I was hopeful as this is my 4th day since a reboot, and I have never made it past 2 days ever since I first set up HE, but this morning one of my zigbee switches was changing faster than the rule was evaluating it, which resulted in an endless cycle of my kitchen lights turning on and off. I was able to pause the rule, and it took longer than usual to access the web ui. I waited a couple minutes and checked other automations, which are usually immediate, but now were taking several seconds to initialize, so I rebooted the hub and all is well again. I have definitely made progress, but obviously there was more than one issue at play here.

Sounds like a good use case for private boolean to keep the rule from being re-run if its already running.

@csteele / somebody:
Can you please make an app/device/something which would measure the "degree of slowdown"? It would be helpful to move to an objective measure, rather than subjective feelings on this issue.

So far no slow down after changing from the Hue kitchen group to an HE kitchen-lights group in my RM4 kitchen lights rule. But it's only been less than 1 day, so I wouldn't expect a slow down yet anyway. To be honest, I'm finding that the HE group sometimes popcorns. I'm willing to put up with it for a few days in the interest of experimentation, but long term I'd rather go back to the Hue group and reboot every night.

But... I had another thought...

I've been looking hard at my logs, and I noticed that the Kitchen Lights rule is running multiple times within a very short time frame -- less than 1 second. It's fast enough that the private boolean doesn't always have the intended effect.

I know it's happening because I have three motion sensors triggering the kitchen lights. When I walk through the area, like in the morning when I'm headed for coffee, I trigger all three of them almost simultaneously. I'm wondering if the poor rule is tying itself in knots? This might explain both the slow down and the problem with one or more of the lights not dimming or turning on correctly.

Since I'm already using private boolean in that rule, I've added a local variable. Like this:

  IF alreadyRunning = True THEN
    exit rule
  END-IF
  Set alreadyRunning = True

  --- do rule stuff here ---

  Set alreadyRunning = False

Don't know if this will help -- I'm open to other suggestions -- but it does seem to stop it from running multiple times very fast. If I go a day or two more with no slow down, I think I'll change back to the Hue group and see what happens.
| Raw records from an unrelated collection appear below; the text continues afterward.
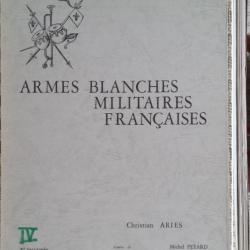 ARIÈS, Armes blanches militaires françaises, 4 (IV), 1967. Jaquette.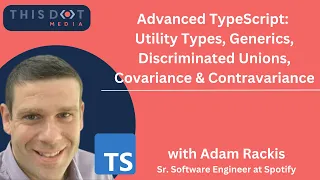 Advanced TypeScript Utility Types Generics Discriminated Unions Covariance Contravariance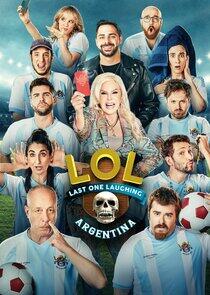 LOL: Last One Laughing Argentina - Season 1 LOL: Last One Laughing Argentina - Season 1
If all 3 motion sensors see you anyway, just use 1 instead of 3.... Then you wouldn't have to worry about concurrent running issues.

They actually cover different areas. One points toward the entry and triggers lights when I come home. One points towards the family room adjoining and open to the kitchen. I spend a lot of time there and the kitchen lights illuminate it. One is in the kitchen itself, to keep the lights on while I'm in the kitchen.

It just happens that when I walk from one side of the house to the other, I trigger all three of them. And, in the afternoon when the slow down is most visible, I tend to walk around a lot.

If they happen very close to another you will always have redundant/concurrent rule running issues. No way around that IF they happen faster than the execution speed of the RM rule... If they are further apart (a few hundred ms maybe?) You are probably fine.

It was a switch triggering motion lighting on/off. It became disoriented apparently since it has never happened before, although I’ve never had the hub slowdown happen this gradually before either.

I use the built in Zone motion controller to create one aggregated virtual motion device that I use in the Motion Lighting app for my garage lights.

2 Likes

That's an interesting thought that I think I'll take a look at. I also have multiple motion sensors in my bedroom/master bath that I'd like to explore that with.

It has been more reliable for me without hammering the logs with the motion sensors. I started using it because the lights kept turning off when I was working in the garage.